For those of us who don’t live in such thoroughly, obsessively documented places as Cape May or Essex County, Massachusetts, it used to be all but impossible to reconstruct our birderly pasts: we knew our mentors, and perhaps the names of their mentors, but beyond that?
Ironically, and happily, the absolutely indiscriminate wealth of historical material available on the internet today makes it possible to go far beyond the vague oral memories most of us have had to be satisfied with. Visit SORA and type in the name of your state or town or local bird club, and you may find that you are tilling long-fertile soil each time you step outside.

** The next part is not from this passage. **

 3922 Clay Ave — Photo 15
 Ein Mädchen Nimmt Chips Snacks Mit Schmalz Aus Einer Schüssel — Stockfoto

When we moved to Bloomfield, New Jersey, last April, I knew that we had ornithological predecessors, and I knew that among them was one Alexander Wilson. What I didn’t know until I started e-sniffing around was that Bloomfield, our undistinguished “starter suburb” between the First Watchung Mountain and the ancient marshes of the Passaic and the Hackensack, had also been a hotbed of birding activity in the 1870s and again, thanks largely to one person, in the first two decades of the last century.
Some bits and pieces of what I’ve found out are “up” today at the BHL Blog. Have a look, and see if there aren’t stories to tell and personalities to get to know from your own historical community.






2 Comments
February 7th, 2013 at 12:49 pm
An interesting question. Your town is very different from Espanola, New Mexico, where there’s nothing in SORA from before the 1970s, except one record of a Red-headed Woodpecker from the 1920s, reported by people who seem to have been passing through. (And the birding here isn’t bad.) I suspect that I’ve met a lot of the pioneers of local birding–some of them now deceased, unfortunately.
February 7th, 2013 at 1:16 pm
Yes, Jerry, that old eastern bias in the history of North American birding is really apparent when you start looking around in stuff like this. SORA, BHL, and the other online reference sites are have surprisingly much local and regional material from MA, NY, and NJ, and virtually nothing from the west.